Stored data
•••
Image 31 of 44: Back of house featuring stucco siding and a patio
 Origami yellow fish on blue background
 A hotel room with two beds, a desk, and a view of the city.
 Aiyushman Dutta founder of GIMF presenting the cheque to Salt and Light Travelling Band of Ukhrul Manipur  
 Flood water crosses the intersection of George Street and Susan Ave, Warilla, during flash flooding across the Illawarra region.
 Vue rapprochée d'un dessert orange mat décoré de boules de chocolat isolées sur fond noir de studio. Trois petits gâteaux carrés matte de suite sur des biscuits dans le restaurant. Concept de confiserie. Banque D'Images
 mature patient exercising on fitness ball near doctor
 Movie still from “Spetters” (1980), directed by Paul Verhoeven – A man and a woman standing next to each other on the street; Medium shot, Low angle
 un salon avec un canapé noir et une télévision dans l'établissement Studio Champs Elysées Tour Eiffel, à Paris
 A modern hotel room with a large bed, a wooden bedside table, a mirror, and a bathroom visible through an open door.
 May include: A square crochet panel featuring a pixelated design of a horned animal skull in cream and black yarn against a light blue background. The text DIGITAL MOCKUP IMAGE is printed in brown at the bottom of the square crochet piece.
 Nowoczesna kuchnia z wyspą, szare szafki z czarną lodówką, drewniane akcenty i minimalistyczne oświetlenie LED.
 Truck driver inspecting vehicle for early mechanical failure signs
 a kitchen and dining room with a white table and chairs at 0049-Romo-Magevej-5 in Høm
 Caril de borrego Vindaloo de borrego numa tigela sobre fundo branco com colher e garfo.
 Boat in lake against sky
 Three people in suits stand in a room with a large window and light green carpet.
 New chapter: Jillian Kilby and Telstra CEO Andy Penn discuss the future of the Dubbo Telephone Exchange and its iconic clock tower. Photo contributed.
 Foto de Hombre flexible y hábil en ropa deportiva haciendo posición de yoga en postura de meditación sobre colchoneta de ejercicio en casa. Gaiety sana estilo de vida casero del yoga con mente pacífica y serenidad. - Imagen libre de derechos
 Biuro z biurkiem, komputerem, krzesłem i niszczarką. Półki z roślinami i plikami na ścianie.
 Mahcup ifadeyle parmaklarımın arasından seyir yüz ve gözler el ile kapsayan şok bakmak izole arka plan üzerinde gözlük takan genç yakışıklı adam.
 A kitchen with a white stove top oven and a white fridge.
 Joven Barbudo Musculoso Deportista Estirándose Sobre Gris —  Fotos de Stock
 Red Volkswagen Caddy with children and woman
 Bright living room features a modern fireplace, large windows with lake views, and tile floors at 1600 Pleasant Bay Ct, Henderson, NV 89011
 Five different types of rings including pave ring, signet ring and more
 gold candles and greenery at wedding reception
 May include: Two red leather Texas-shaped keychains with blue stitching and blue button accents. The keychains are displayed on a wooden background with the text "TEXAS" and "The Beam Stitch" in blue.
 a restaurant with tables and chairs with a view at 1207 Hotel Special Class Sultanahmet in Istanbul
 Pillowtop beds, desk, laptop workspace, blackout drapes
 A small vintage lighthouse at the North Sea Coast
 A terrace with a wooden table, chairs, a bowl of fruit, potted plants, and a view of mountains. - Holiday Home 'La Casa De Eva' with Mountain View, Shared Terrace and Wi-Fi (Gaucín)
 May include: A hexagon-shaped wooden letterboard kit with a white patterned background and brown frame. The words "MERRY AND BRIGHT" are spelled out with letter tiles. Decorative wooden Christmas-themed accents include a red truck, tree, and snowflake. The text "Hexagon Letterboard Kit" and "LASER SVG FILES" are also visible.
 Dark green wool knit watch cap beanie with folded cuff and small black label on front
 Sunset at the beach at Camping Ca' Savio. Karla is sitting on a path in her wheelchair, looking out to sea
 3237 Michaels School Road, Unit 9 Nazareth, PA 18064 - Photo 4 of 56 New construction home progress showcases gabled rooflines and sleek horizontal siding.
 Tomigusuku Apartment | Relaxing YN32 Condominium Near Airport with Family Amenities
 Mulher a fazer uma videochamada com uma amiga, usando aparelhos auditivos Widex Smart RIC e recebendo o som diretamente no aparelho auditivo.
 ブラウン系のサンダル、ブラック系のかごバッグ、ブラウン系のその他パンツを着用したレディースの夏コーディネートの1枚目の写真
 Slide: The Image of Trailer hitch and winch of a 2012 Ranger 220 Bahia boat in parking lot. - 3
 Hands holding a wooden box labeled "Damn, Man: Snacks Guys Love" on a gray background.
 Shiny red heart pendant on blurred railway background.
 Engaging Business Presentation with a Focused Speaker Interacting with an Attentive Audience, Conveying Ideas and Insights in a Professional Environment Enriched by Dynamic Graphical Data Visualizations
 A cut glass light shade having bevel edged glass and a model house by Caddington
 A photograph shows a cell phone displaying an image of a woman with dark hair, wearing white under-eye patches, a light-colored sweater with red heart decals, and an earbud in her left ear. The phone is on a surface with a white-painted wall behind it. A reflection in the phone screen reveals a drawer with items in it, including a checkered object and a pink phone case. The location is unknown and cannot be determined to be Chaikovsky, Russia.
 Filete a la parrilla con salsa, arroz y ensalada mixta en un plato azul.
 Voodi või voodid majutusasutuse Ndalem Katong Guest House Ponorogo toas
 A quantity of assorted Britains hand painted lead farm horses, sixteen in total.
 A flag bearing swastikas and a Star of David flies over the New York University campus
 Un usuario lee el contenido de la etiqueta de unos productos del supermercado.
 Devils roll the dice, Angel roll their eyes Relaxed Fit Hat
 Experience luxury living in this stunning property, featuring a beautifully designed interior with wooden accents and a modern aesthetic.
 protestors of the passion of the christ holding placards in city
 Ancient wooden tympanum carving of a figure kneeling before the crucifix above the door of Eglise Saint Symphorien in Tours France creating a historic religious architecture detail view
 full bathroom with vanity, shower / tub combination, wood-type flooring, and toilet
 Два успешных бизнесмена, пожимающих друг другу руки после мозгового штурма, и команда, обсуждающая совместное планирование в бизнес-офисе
•••
• WORK TASK: Only the number should be given: how many lines in the data contain the string "siding".

• REPLY: 2